[Deep Dive] Using Script in WebReports/ActiveView


Introduction & history

WebReports-based products (the Content Intelligence suite) are widely and effectively used by a wide variety of Content Server customers. Despite the broad appeal of these products, occasionally I have heard suggestions that a more traditional, scripting-based approach might be more usable - at least for some users.

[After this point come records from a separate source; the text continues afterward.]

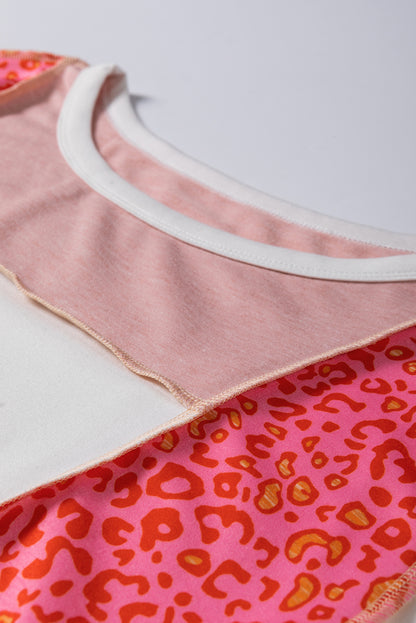 Peach Blossom Leopard Colorblock Patchwork Top mit sichtbaren Nähten
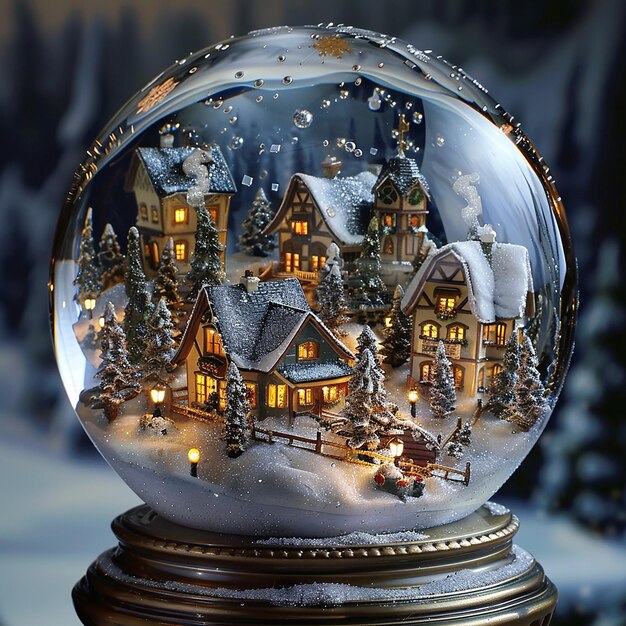 A charming winter village snow globe with swirling snow and illuminated houses nostalgic and whims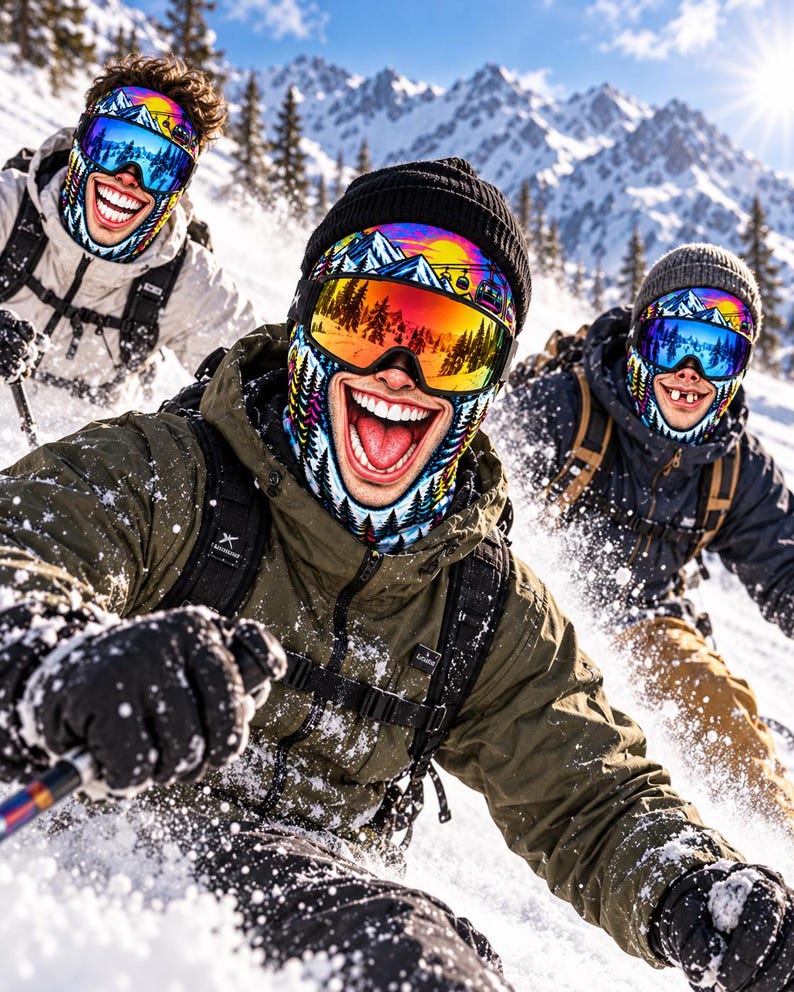 Funny Ski Balaclava, Novelty Face Mask for Snowboarding, Winter Helmet Accessory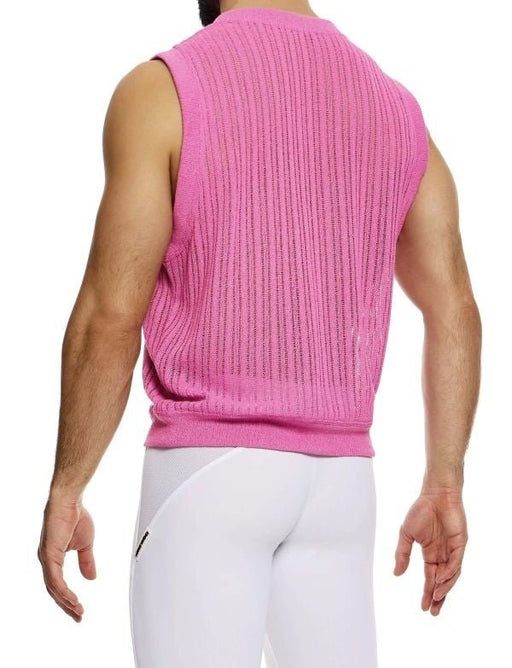 Modus Vivendi Striped Crochet Sleeveless Vest Knitted Tank Top Pink 07431 B1012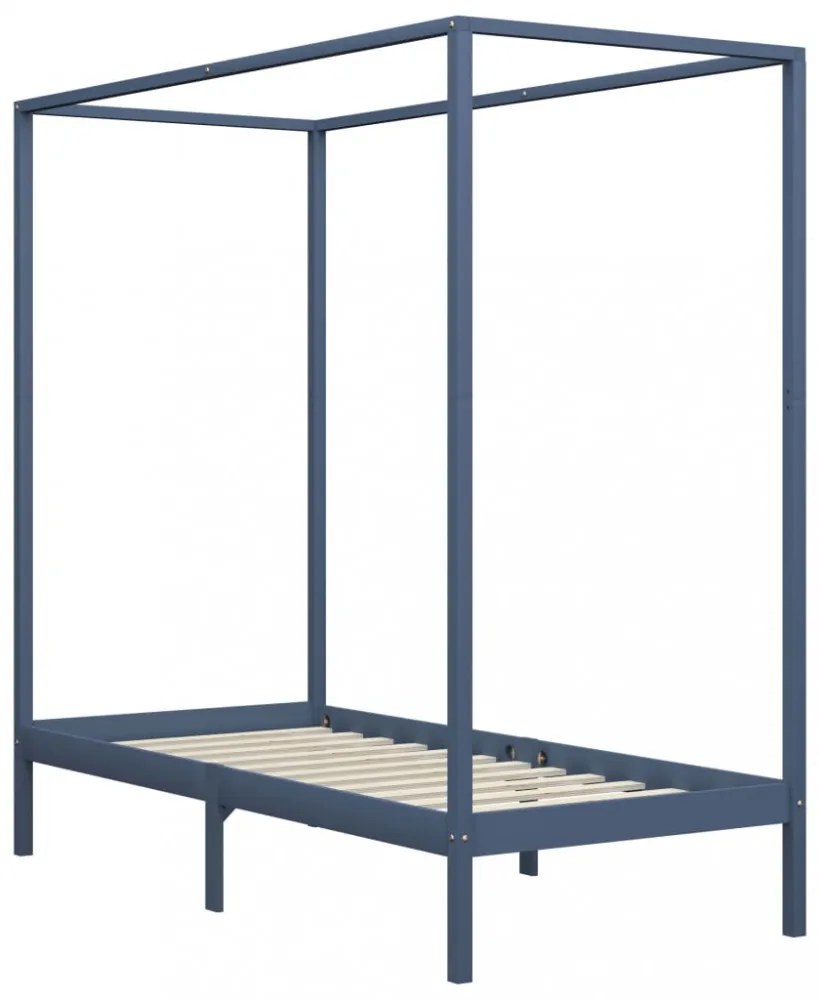 szürke tömör fenyőfa baldachinos ágykeret 100 x 200 cm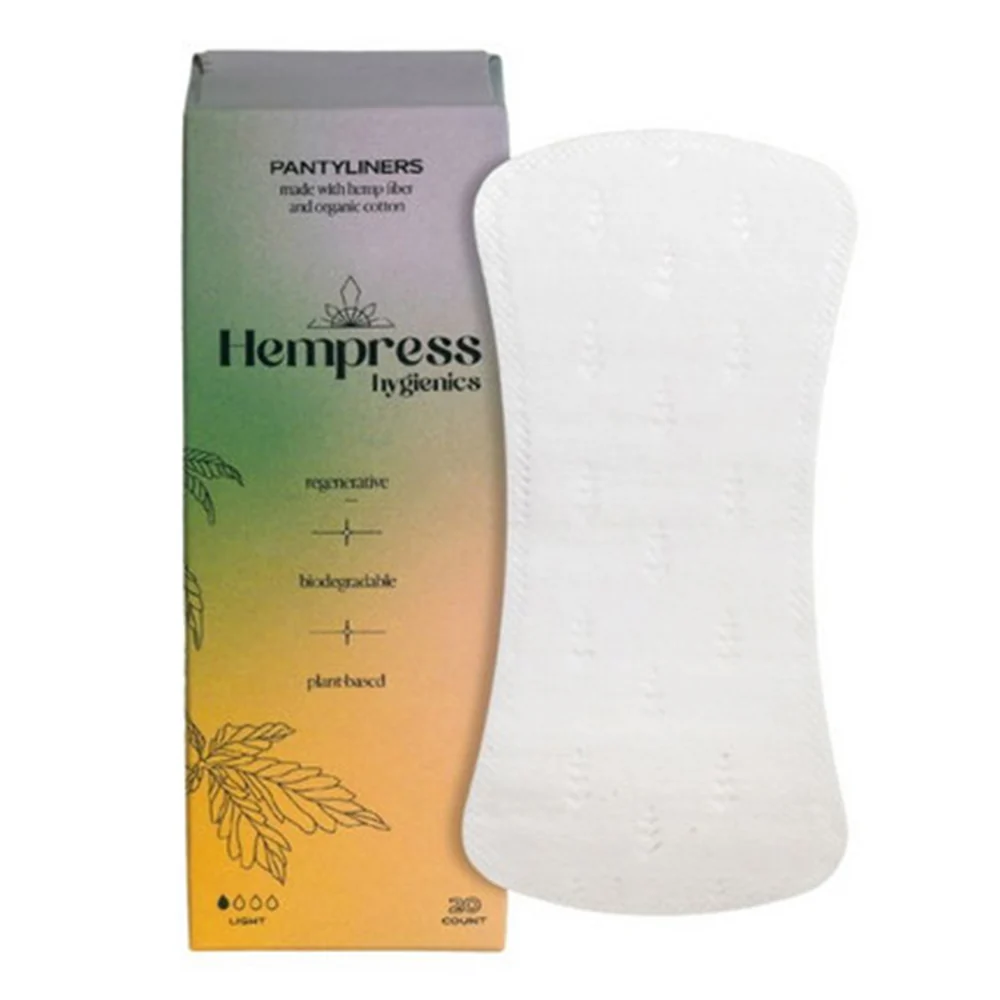 Secure Hempress Hygienics Hemp Panty Liners Eco Friendly Liners Designed for Light Flow Days Daily Comfort 20Ea Smooth
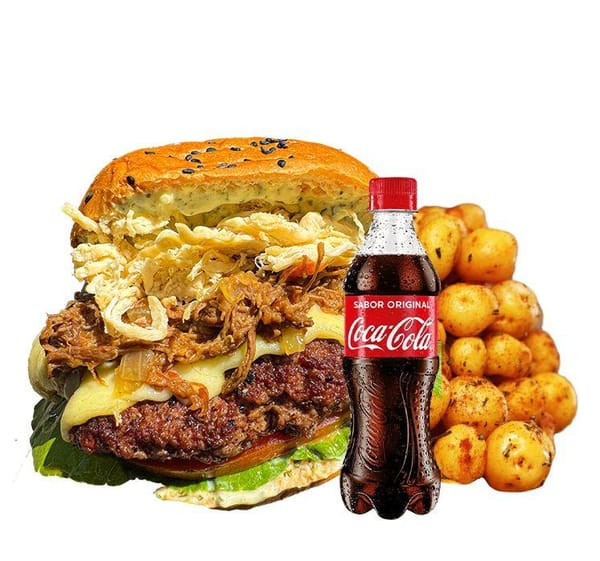 Combo hamburguesa Monster Realeza con papas y bebida | Salchimonster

 The good news is that for some years, the WebReports engine has supported the ability to include programatic scripting in a webreport. The WebReports programming methodology was not originally designed as a pure scripting language. The basic design paradigm is similar to some other template-based web development frameworks but it was originally designed around the ability to layout content (including markup language) and to insert system data within that content. Of course, there has always been an inherent looping mechanism built in to WebReports through the natural iteration of the row section, and very early on we introduced IF statements as am obvious way to allow conditional content and/or mutually exclusive content. However, the original processing engine did not really lend itself well to more complex looping and logic conditions and it seemed that further script like extensions of the tag library might be stretching the paradigm too far. Ultimately, we realized that while our existing paradigm was popular with business users (particularly as we closely aligned with the WebForms tag syntax), some developers found this paradigm to be limiting. These days, thanks to the development of the new processing engine, new “content control tags” have been created to support FOR loops and a variety of logic expressions along with complex management of variable values. Notwithstanding these new capabilities within the tag paradigm, the ability to use a more conventional scripting language (spoiler alert, it’s OScript) has been available since around 2006. I believe this feature still provides some value and usefulness today, especially for developers who prefer this mode of programming. In this blog I explore the basics of how this feature works, when to use it and some of the advantages of using it. This Blog is not intended as a detailed instructional guide, but we would be happy to provide more information, training or guidance by request: Contact Us

For anyone who didn’t know this feature existed in WebReports - welcome to the feature called “server-side scripting.”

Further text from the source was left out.